Weltmeister Thomas Müller hat Anfang April seinen Vertrag beim ​FC Bayern München um zwei Jahre ​bis 2023 verlängert. Der 30-Jährige machte kurz nach der Bekanntgabe keinen Hehl daraus, dass er im vergangenen Herbst einen Wechsel in Erwägung gezogen hatte. Medienberichten zufolge soll sich der Angreifer jedoch auch aufgrund der Corona-Pandemie für einen Verbleib in München entschieden haben.


Ohne neuen Vertrag hätte Müller seine Zelte beim deutschen Rekordmeister wohl am Ende der Saison abgebrochen. An potenziellen Interessenten für das bayerische Eigengewächs mangelte es offenbar nicht. Wie der kicker berichtet, stand der 100-fache Nationalspieler auch beim ​FC Chelsea auf dem Zettel.

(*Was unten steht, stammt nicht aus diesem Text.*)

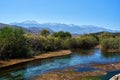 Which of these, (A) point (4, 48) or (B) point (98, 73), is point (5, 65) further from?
(B) point (98, 73)

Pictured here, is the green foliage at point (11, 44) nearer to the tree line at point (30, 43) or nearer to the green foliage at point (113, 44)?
the tree line at point (30, 43)

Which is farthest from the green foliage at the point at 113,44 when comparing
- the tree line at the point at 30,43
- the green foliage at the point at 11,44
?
the green foliage at the point at 11,44

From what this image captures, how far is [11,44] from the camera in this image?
63.4m

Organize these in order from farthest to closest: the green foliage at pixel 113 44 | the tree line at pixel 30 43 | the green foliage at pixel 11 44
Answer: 1. the green foliage at pixel 113 44
2. the tree line at pixel 30 43
3. the green foliage at pixel 11 44

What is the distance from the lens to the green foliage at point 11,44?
60.4 m

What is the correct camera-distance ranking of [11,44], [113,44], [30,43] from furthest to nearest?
[113,44]
[30,43]
[11,44]

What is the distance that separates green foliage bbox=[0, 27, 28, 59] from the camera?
198ft

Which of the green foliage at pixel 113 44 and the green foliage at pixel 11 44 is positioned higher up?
the green foliage at pixel 11 44

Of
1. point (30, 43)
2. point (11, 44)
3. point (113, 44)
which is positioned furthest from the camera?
point (113, 44)

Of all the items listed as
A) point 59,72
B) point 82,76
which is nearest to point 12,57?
point 59,72

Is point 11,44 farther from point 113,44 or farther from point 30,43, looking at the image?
point 113,44

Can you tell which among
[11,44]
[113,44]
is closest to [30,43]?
[11,44]

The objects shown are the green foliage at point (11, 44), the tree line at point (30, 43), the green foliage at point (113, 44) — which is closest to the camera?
the green foliage at point (11, 44)

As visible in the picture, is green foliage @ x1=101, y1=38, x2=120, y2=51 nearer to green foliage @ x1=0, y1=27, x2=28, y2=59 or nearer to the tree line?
the tree line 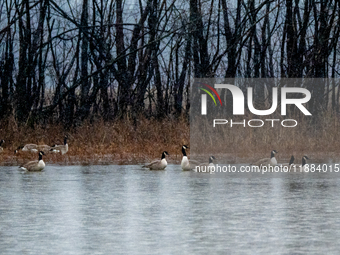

Englisches Gesundheitssystem sprach gegen Chelsea-Wechsel


Dem Fachmagazin zufolge spielte in der Zukunftsplanung von Müller auch das Coronavirus bzw. das im Vergleich zu Deutschland deutlich schlechter aufgestellte englische Gesundheitssystem eine wichtige Rolle. Demnach ließen die aktuellen Verhältnisse auf der Insel beim 30-Jährigen Zweifel aufkommen, ob ein Wechsel in die ​Premier League Sinn ergeben würde. Auch dieser Umstand soll dazu beigetragen haben, dass Müller sich für eine Verlängerung beim FC Bayern entschieden hat.

Hansi Flick

Stieg Anfang November zum Cheftrainer auf: Hans-Dieter Flick


Hauptgrund für den Verbleib des Weltmeisters dürfte allerdings ​Cheftrainer Hans-Dieter Flick sein, der seinen Vertrag wenige Tage vor Müller ebenfalls bis 2023 verlängert hat. Unter dem 55-Jährigen spielt der Angreifer eine deutlich wichtigere Rolle als dies noch unter Ex-Trainer Niko Kovac der Fall gewesen war. 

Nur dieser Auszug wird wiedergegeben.